Resource management: To make sure everything is managed well.


Physical- space to work, keep equipment and deliver, e.g. physical assets (building, vehicle) try to keep capital spent on these as little as possible. Financial financial targets are extremely vital! Managing budgets such as cash flows etc. is also important. If outflows are too much then action should be taken. Human information on the staff, employers and suppliers. The number of workers needed to make efficient performance.

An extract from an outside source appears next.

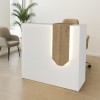 Γραφείο υποδοχής - reception Navita Megapap με LED χρώμα λευκό - sepet oak 113,6x42x111,8εκ.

Information helps make decisions, has historical data, sales, employee details, budgets, expenditure, financial info, Customer details, suppliers. Benefits of resource management: Achieve allocative efficiency make sure the resources are available at the right amount at the right time. Prevents having to much- saves money Minimise waste Maximise capacity Reduces costs and outflows

Business software- having up to date information leads to having good databases forecasts budgets and spreadsheets. Databases- gather large amounts of information such as employee details, stock records, fixed asset schedules, customer records, supplier records etc. which could be used to make new decisions. Spreadsheets- store numerical information of the business in categories. Could provide reports on sales per day/week/total, sales per area, best selling/worse selling, trends etc. so they could improve sales. (E.g. if someone makes more sales in one area, promotion in other areas may be needed) Budgets- spreadsheets help monitor budgets, and calculating variances. A main use of spreadsheets are to create cash flows, could see if anything is going wrong, have model ideas shown to see impact, which also overcomes the risk issue. Could make a what if scenario immediately. Brining all these together could lead to a year ends account which is also another spreadsheet to see how the business done overall in total.

Costs and revenues


Profit is the main aim of every business: Profit- revenue-total cost Fixed costs- Fixed costs do not change, they stay the same when the business alters it level of input and output (on a short term- e.g. rent is a fixed cost but this may increase in the future) Variable costs- Variable costs directly link with output of the business. They include costs such as labour, fuel material etc. Semi variable costs- cots that have fixed and variable elements, such as phone bill- land line cost is compulsory but the money you pay changes depending on how often it is used.

Profits and breakeven


Breakeven is the point where the company is not making a loss or profit- when the revenue is equal to the costs. How to calculate breakeven: Total fixed costs / selling price- variable cost per unit = amount of units needed to reach breakeven.